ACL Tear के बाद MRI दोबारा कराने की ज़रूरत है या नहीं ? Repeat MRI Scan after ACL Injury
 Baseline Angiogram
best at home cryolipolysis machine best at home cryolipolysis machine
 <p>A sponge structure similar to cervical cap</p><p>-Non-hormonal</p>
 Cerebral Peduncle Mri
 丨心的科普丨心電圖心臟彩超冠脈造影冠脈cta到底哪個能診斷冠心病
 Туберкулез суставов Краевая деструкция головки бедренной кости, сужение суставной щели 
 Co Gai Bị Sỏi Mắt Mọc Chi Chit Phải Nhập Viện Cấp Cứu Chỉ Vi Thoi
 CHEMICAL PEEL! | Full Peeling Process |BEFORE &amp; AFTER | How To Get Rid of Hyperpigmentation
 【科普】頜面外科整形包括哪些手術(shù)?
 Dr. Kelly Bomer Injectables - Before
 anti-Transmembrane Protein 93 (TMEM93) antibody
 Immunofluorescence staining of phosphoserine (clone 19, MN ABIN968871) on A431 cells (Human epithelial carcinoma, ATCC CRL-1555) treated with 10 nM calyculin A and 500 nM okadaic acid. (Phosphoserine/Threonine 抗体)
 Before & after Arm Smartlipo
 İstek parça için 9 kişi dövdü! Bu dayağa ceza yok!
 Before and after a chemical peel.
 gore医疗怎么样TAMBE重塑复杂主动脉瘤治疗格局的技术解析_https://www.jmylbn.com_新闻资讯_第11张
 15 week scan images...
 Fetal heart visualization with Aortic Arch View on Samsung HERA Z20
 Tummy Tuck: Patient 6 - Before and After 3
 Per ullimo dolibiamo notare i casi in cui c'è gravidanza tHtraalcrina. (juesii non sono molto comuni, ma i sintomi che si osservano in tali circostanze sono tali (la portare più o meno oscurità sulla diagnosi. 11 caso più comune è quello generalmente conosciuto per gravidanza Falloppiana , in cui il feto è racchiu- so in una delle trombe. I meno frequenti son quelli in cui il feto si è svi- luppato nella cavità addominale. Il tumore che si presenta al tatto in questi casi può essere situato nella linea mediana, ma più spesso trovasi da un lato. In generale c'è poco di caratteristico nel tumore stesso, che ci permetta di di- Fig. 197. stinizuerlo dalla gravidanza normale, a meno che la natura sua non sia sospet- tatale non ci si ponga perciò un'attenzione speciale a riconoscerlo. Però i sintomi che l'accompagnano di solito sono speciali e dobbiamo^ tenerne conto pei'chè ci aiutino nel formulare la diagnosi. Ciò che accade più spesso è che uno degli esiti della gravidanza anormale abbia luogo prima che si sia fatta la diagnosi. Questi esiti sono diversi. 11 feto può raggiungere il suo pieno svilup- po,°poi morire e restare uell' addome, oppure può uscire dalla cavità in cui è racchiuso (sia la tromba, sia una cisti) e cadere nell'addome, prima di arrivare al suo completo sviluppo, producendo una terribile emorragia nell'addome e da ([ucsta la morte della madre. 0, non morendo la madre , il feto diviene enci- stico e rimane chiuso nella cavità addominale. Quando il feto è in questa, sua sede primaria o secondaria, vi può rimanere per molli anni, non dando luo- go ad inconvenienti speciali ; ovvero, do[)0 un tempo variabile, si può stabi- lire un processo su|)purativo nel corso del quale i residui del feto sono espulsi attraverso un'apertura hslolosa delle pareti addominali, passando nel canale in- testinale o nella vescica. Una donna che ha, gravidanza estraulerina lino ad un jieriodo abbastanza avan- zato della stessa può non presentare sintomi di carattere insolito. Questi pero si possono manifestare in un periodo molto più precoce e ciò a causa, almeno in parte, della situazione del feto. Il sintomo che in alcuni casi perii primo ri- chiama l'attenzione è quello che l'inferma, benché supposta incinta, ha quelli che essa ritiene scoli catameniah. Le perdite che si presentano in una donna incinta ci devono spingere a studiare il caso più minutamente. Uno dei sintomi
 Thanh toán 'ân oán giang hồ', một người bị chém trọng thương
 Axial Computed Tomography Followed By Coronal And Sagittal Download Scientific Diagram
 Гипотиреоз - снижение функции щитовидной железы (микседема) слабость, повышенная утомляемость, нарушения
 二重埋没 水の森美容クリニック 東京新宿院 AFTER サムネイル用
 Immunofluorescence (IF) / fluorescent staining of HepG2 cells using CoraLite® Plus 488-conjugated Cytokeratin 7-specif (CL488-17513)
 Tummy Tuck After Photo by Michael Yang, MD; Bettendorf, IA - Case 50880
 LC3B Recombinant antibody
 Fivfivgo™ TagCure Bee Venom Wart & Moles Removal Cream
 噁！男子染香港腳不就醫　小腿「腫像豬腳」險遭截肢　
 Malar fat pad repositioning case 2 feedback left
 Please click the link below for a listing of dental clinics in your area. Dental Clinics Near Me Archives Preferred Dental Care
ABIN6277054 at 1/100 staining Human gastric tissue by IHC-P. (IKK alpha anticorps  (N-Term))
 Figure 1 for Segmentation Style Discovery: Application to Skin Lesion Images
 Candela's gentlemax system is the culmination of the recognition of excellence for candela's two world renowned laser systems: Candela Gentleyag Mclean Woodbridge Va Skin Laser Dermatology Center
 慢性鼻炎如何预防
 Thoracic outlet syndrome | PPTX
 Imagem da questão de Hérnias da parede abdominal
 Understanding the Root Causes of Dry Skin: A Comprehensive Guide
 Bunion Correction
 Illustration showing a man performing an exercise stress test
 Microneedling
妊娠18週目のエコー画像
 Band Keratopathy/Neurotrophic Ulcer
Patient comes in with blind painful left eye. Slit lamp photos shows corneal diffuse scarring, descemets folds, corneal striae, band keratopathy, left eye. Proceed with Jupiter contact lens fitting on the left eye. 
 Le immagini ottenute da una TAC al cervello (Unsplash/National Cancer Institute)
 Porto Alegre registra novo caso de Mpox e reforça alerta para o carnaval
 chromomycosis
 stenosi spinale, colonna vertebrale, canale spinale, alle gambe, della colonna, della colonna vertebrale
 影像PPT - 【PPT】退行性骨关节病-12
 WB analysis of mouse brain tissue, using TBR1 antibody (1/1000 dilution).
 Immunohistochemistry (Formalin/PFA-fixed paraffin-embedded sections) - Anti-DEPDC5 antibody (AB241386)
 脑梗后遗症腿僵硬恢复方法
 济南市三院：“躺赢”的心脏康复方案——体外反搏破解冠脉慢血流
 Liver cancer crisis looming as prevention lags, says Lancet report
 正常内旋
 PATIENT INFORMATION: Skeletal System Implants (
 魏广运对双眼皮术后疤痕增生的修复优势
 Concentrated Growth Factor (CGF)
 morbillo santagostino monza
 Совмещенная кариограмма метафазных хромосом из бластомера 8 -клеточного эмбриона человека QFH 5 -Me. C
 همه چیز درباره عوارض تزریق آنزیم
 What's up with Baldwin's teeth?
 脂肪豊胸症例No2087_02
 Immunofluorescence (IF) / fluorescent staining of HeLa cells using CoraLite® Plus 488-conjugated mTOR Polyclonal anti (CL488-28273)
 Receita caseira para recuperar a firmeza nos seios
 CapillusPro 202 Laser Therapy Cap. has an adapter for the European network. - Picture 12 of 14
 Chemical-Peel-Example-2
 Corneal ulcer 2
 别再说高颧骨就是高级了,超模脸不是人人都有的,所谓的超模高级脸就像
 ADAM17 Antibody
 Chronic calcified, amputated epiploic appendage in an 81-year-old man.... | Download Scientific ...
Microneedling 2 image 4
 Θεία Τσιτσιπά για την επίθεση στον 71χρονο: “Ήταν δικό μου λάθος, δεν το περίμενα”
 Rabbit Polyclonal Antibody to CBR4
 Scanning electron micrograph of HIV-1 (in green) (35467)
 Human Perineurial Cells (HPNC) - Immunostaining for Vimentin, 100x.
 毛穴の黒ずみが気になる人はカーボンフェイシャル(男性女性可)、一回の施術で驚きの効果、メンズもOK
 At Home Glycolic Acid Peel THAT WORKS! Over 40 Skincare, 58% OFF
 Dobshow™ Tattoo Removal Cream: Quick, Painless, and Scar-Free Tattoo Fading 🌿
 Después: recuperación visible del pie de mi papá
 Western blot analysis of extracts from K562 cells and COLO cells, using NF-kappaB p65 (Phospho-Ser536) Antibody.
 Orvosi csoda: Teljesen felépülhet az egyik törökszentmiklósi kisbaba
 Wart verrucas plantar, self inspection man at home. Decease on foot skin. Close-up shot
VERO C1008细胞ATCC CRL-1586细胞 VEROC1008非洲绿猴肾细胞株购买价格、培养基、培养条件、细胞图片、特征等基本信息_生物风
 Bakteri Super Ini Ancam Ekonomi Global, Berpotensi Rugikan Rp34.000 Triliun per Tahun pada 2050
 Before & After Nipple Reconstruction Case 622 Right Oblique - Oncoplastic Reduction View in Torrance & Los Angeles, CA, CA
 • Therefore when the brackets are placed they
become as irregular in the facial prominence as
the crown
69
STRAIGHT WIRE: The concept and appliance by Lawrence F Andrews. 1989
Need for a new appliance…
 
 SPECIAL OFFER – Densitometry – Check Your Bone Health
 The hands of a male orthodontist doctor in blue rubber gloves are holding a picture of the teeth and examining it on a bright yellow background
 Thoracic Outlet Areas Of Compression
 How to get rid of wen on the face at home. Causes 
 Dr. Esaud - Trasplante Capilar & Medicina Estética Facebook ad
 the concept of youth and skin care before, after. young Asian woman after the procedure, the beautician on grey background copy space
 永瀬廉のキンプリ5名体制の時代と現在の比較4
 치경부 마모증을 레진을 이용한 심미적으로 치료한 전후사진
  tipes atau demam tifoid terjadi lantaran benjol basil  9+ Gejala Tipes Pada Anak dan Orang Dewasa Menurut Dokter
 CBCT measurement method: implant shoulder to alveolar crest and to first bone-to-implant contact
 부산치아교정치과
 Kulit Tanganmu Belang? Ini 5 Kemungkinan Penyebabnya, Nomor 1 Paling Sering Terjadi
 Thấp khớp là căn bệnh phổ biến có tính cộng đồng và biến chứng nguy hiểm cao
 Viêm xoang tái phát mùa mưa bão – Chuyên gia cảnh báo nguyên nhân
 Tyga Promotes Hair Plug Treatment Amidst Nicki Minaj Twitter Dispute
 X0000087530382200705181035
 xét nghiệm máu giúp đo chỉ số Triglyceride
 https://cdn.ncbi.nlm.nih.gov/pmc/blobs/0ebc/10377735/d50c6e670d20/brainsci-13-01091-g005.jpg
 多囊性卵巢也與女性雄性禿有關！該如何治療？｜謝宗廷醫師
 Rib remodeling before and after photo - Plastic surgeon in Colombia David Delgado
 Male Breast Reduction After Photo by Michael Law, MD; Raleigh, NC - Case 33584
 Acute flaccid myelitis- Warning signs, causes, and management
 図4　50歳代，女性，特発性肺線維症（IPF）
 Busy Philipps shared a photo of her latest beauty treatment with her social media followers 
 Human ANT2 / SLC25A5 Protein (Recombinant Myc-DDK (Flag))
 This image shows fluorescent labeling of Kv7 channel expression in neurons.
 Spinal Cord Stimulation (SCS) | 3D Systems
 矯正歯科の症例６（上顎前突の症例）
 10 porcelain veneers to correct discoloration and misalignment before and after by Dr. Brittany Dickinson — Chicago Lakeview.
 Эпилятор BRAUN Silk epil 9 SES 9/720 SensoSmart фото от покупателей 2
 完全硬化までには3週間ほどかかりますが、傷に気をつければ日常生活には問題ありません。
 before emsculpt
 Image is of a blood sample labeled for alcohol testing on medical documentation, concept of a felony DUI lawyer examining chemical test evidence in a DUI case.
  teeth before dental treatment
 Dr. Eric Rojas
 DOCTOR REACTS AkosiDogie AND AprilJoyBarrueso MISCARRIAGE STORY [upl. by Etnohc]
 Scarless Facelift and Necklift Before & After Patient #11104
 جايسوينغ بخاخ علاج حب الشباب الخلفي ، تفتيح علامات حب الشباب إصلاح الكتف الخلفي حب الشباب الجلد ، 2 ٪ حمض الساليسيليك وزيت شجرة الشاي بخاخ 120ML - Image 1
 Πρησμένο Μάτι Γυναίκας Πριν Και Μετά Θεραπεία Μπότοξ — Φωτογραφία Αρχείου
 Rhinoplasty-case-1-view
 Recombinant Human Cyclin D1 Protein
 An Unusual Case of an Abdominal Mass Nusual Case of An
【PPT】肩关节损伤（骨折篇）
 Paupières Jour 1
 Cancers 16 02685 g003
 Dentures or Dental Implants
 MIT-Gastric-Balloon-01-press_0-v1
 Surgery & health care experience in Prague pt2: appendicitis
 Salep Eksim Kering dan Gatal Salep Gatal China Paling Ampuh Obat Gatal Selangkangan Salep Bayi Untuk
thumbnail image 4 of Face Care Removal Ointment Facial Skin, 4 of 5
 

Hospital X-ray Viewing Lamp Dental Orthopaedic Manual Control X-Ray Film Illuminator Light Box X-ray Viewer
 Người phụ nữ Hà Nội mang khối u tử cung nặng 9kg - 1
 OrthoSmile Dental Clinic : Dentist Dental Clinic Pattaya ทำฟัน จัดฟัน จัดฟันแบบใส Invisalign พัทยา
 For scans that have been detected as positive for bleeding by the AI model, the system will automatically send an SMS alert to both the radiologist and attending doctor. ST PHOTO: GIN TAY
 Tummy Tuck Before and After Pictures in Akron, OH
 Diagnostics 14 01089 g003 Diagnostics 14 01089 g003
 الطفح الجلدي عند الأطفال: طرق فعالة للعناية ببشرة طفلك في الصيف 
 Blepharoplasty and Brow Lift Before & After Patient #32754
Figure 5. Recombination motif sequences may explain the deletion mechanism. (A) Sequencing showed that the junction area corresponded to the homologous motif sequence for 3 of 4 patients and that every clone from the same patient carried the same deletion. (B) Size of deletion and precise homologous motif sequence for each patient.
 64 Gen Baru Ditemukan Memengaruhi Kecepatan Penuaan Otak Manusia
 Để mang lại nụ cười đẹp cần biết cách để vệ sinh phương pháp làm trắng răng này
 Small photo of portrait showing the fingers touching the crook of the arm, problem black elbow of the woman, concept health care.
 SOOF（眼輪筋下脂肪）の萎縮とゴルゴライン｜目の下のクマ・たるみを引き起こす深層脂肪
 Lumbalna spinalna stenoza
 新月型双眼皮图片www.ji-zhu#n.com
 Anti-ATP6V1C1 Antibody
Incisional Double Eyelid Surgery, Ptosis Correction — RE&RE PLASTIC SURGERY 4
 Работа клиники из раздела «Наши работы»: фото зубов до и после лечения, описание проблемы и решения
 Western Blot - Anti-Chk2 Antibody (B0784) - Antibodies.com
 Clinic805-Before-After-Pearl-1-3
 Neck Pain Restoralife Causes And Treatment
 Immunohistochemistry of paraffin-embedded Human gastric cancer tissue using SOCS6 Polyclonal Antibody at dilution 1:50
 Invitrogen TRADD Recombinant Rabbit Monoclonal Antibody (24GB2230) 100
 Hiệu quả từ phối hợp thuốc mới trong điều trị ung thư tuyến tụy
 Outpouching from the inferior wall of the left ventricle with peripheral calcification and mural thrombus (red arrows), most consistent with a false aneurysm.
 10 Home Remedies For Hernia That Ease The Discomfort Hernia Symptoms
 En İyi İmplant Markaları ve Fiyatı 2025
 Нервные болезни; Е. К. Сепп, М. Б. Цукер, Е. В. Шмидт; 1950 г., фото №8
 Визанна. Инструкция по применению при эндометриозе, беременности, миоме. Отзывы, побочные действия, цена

____________________

Reproduce the lines above, beginning at the line with "Imagem da questão" and stopping after the line with "Band Keratopathy/Neurotrophic Ulcer", exactly as they are.

 Imagem da questão de Hérnias da parede abdominal
 Understanding the Root Causes of Dry Skin: A Comprehensive Guide
 Bunion Correction
 Illustration showing a man performing an exercise stress test
 Microneedling
妊娠18週目のエコー画像
 Band Keratopathy/Neurotrophic Ulcer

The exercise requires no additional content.